Apple has filed for a patent (number 20290340193) for a “lyric search service” that shows the company wants to improve the ability of Apple Music to find a song based on its lyrics.
In the new patent filing, Apple says can’t usually search for a song based on the lyrics of the song. The best that a user can typically do is perform a text-based search on the Internet and hope that the query matches a transcription of the lyrics in a song that is published on a website.
Once the user has the information about the song, they can then perform another search to locate an audio file of the song within a data repository maintained by a music sharing service. Apple thinks it can do better.

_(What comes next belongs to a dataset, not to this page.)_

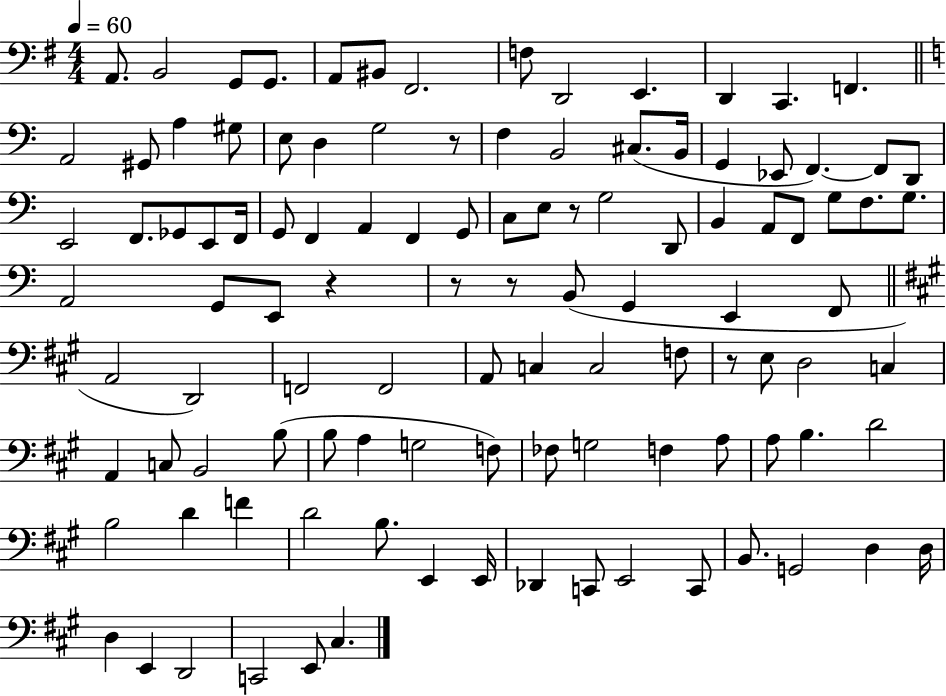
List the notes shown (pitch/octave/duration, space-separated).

Here’s Apple’s summary of the invention: “This application relates to a client-server architecture that enables search queries to be applied to transcription information for multimedia files. A server device implements a service configured to query a search platform to retrieve results associated with a plurality of multimedia files stored in a content database. The results are ordered according to a plurality of heuristic values calculated based on a text relevance analysis.

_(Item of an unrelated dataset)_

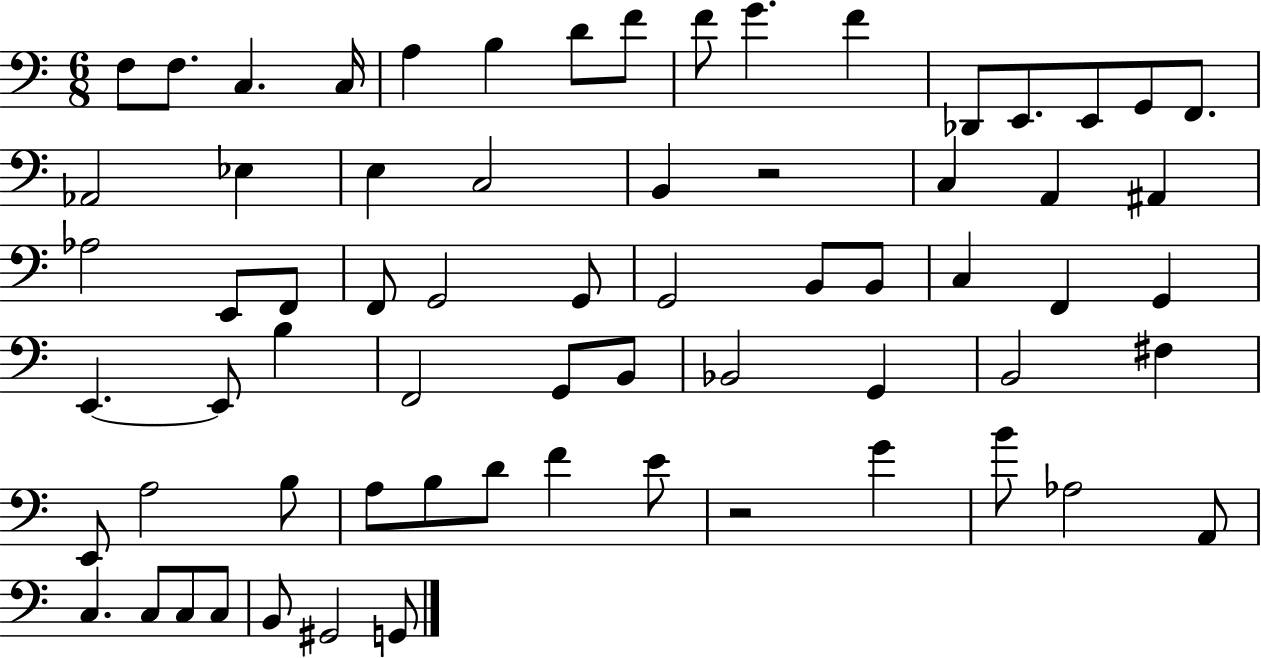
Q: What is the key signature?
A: C major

“The service is configured to modify the heuristic values to adjust an order of the results, and generate a response to a search request that includes a representation of at least a portion of the transcription information of the multimedia files referenced by the results. The heuristic values are modified based on at least one of a popularity score for a corresponding multimedia file, a weight associated with a particular field, or a relevance score based on feedback signals.
Of course, Apple files for — and is granted — lots of patents by the U.S. Patent & Trademark Office. Many are for inventions that never see the light of day. However, you never can tell which ones will materialize in a real product.